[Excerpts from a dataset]

***

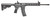 Smith & Wesson M&P15-22 Sport 22 LR Rifle with 16.5-inch Threaded Barrel and Magpul Sights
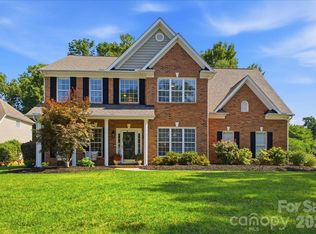 6500 Sybil Ct, Indian Trail, NC 28079
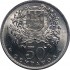Portugal 50 Centavos  de 1930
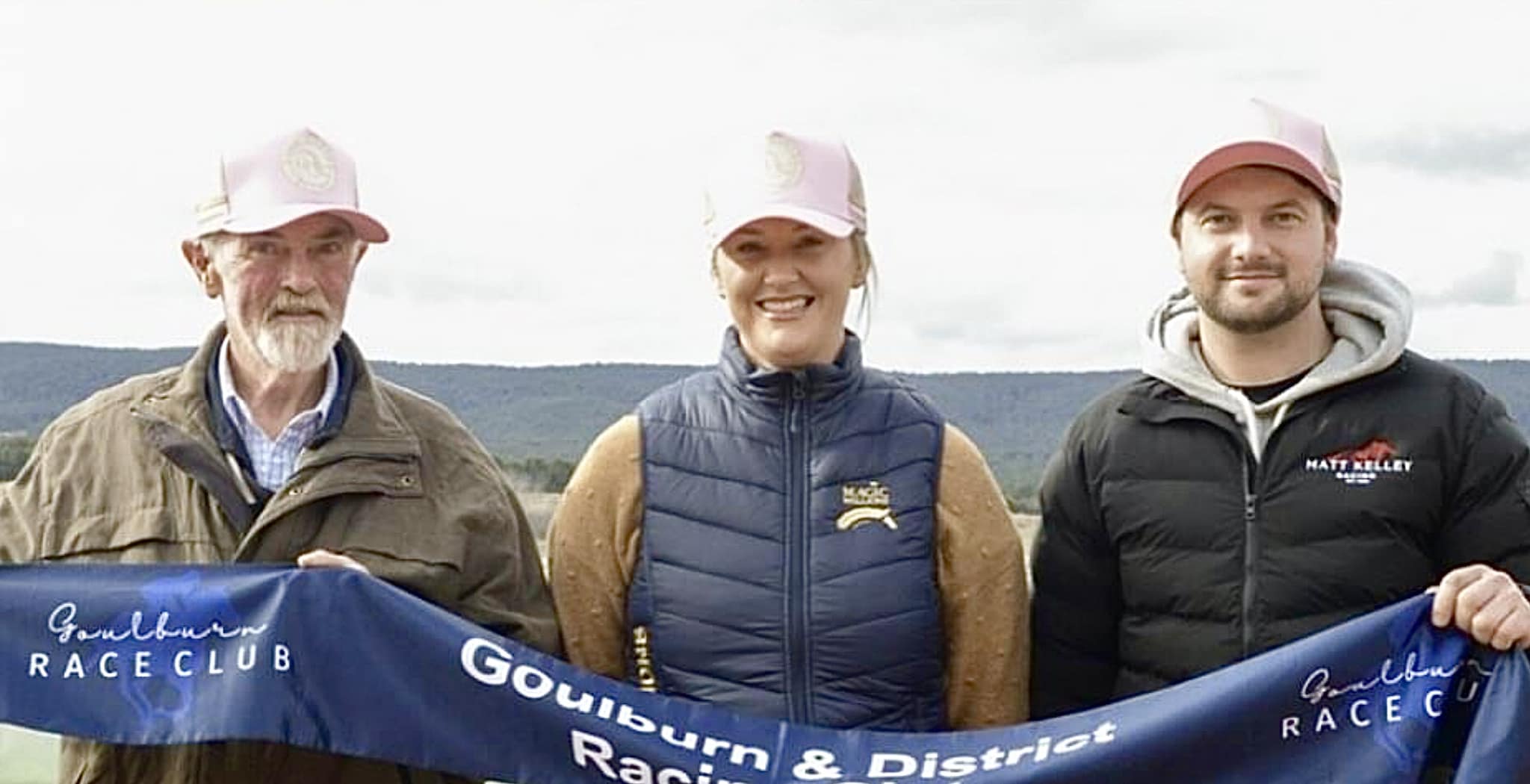 Emma Murphy Racing | Goulburn NSW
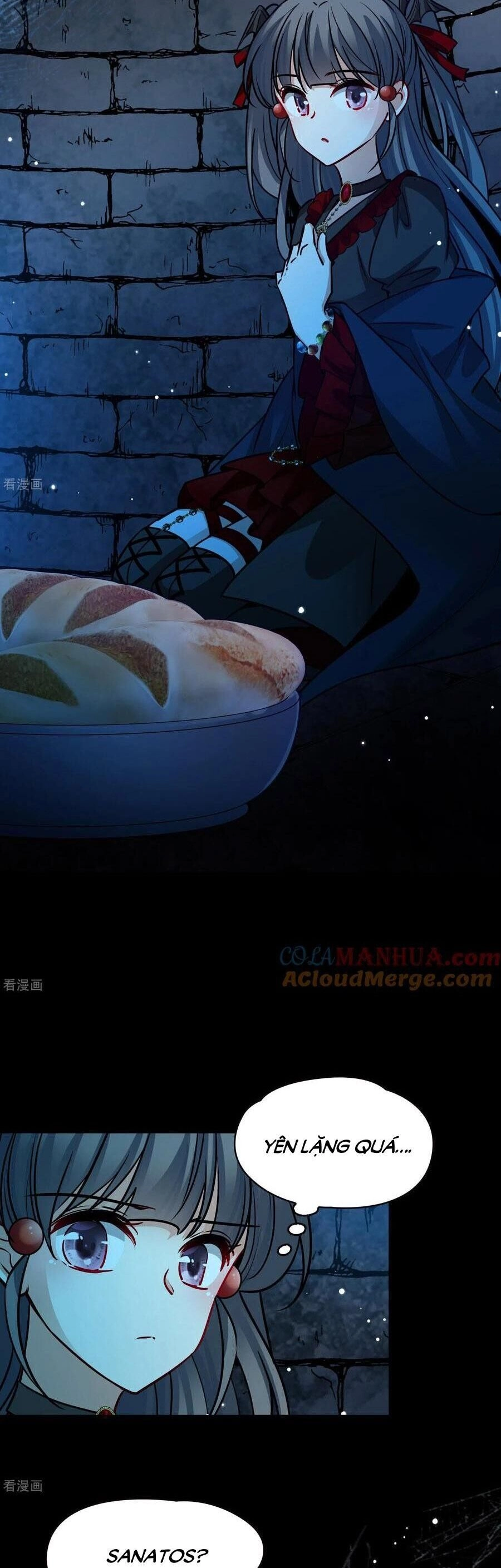 Tầm Trảo Tiền Thế Chi Lữ 2 Chapter 195 - 2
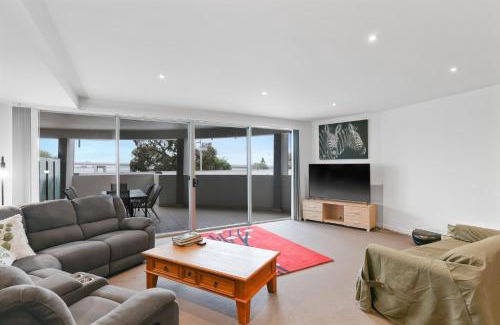 San Remo House | Pelican Sands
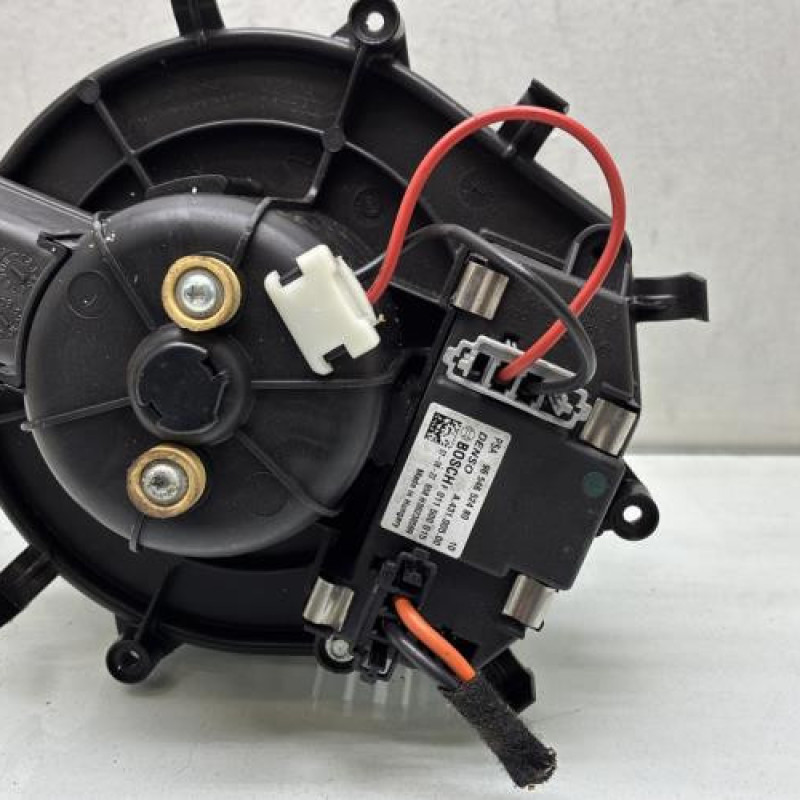 Pulseur d'air CITROEN C4 PICASSO 1 Photo n°4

***

About this exercise:
Print every entry word for word; omit the pictures.

Answer box:
 Smith & Wesson M&P15-22 Sport 22 LR Rifle with 16.5-inch Threaded Barrel and Magpul Sights
 6500 Sybil Ct, Indian Trail, NC 28079
Portugal 50 Centavos  de 1930
 Emma Murphy Racing | Goulburn NSW
 Tầm Trảo Tiền Thế Chi Lữ 2 Chapter 195 - 2
 San Remo House | Pelican Sands
 Pulseur d'air CITROEN C4 PICASSO 1 Photo n°4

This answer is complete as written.